- PROBLEM TO WORK ON
Within the records below, reproduce without change the lines from the line that has "Women's 5Pcs Ice" through the line that has "Pair of blue upholstery Marco Zanuso chairs.", and only those.
BEGIN STORED DATA
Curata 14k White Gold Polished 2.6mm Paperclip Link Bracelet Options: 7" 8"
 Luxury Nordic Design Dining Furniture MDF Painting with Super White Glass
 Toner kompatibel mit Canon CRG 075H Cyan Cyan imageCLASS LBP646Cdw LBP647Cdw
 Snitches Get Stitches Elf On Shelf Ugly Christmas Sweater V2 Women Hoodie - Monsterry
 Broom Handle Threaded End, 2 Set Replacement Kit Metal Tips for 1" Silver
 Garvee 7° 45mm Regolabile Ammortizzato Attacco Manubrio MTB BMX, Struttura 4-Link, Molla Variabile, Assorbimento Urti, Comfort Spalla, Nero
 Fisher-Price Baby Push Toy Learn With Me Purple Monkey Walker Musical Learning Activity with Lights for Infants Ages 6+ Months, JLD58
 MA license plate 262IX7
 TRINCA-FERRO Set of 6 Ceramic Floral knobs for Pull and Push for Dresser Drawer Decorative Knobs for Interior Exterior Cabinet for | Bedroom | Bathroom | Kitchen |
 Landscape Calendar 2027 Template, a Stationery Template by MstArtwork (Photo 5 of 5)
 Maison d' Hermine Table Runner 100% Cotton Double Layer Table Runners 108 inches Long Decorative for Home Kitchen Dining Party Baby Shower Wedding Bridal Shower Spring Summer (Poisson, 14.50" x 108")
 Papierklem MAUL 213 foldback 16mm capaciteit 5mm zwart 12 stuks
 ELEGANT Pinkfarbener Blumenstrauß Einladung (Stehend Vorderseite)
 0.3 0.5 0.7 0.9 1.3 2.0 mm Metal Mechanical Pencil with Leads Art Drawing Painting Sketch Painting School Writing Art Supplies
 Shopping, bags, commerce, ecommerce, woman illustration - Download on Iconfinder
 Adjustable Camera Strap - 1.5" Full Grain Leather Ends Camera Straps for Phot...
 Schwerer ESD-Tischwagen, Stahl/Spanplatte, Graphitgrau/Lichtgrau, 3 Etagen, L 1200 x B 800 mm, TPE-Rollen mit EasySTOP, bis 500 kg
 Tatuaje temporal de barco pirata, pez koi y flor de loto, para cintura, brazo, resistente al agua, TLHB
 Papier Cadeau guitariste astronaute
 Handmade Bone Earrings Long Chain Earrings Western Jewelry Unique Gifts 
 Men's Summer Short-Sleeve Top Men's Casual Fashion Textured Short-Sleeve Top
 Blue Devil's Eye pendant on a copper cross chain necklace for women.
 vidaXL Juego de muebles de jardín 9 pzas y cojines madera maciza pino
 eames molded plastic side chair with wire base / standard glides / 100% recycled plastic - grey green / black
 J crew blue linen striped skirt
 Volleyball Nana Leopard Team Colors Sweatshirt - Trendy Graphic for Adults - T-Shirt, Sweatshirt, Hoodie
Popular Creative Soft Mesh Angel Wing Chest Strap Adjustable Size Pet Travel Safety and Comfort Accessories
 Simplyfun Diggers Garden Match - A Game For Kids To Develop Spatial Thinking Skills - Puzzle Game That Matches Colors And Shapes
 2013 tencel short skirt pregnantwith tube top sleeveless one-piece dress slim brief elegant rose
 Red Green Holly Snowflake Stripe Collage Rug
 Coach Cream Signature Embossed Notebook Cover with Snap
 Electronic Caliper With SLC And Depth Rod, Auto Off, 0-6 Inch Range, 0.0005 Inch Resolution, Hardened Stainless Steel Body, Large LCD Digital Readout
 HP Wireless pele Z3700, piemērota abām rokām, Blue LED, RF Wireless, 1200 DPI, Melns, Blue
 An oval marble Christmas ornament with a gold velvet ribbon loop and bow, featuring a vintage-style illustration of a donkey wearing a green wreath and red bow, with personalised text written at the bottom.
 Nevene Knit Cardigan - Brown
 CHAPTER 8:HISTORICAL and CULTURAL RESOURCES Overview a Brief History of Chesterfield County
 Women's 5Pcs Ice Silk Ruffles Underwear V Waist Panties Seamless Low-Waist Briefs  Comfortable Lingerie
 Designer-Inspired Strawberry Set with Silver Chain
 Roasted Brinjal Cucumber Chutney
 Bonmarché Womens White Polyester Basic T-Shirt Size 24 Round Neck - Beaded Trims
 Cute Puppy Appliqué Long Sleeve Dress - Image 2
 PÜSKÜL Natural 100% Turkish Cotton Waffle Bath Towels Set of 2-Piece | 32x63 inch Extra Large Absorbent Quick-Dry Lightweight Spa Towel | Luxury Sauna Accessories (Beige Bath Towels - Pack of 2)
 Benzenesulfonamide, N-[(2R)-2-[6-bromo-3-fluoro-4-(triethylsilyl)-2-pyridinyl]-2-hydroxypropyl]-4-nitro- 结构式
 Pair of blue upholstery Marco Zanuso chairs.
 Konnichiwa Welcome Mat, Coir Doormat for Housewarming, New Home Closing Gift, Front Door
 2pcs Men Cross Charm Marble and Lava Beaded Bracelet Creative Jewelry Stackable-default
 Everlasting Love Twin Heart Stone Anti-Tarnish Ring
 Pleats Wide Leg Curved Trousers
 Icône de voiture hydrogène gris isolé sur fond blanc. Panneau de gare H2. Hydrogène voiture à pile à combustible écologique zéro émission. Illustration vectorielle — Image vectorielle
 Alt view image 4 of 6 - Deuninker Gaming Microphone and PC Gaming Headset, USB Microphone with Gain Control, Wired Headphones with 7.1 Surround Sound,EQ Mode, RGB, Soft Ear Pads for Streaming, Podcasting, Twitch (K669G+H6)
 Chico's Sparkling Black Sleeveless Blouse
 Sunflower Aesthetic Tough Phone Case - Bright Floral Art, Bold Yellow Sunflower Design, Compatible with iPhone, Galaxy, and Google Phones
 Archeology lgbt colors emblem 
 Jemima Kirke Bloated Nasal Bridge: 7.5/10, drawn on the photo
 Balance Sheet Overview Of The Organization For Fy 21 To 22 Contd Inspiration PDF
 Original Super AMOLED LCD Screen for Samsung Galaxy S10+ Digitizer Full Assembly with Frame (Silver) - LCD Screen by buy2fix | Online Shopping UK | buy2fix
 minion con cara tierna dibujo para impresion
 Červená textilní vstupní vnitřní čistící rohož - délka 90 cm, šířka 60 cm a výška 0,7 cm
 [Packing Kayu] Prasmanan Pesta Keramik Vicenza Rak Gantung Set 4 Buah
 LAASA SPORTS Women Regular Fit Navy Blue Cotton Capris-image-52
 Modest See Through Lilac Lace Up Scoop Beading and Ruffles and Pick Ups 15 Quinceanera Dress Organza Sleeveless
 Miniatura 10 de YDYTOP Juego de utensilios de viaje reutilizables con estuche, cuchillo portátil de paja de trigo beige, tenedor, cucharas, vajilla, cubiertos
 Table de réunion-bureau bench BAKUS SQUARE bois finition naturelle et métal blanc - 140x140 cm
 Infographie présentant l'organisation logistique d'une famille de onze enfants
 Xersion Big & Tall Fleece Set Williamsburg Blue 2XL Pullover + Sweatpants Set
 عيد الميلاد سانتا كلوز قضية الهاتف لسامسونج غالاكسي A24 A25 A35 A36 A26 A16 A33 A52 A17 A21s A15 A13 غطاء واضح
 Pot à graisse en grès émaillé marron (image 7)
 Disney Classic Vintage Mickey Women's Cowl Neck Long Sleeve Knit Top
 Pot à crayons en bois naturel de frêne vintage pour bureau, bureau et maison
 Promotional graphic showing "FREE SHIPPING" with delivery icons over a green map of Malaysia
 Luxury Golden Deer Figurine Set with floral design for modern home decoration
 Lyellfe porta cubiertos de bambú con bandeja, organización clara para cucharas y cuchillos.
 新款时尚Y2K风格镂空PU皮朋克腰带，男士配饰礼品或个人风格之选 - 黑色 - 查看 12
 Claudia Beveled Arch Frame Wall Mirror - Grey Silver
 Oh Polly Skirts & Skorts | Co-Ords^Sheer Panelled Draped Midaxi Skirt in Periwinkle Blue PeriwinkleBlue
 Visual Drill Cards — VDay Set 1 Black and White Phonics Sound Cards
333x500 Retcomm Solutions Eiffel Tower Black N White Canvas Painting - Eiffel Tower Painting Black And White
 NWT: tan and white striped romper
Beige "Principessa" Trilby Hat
END STORED DATA
- TASK ANSWER
 Women's 5Pcs Ice Silk Ruffles Underwear V Waist Panties Seamless Low-Waist Briefs  Comfortable Lingerie
 Designer-Inspired Strawberry Set with Silver Chain
 Roasted Brinjal Cucumber Chutney
 Bonmarché Womens White Polyester Basic T-Shirt Size 24 Round Neck - Beaded Trims
 Cute Puppy Appliqué Long Sleeve Dress - Image 2
 PÜSKÜL Natural 100% Turkish Cotton Waffle Bath Towels Set of 2-Piece | 32x63 inch Extra Large Absorbent Quick-Dry Lightweight Spa Towel | Luxury Sauna Accessories (Beige Bath Towels - Pack of 2)
 Benzenesulfonamide, N-[(2R)-2-[6-bromo-3-fluoro-4-(triethylsilyl)-2-pyridinyl]-2-hydroxypropyl]-4-nitro- 结构式
 Pair of blue upholstery Marco Zanuso chairs.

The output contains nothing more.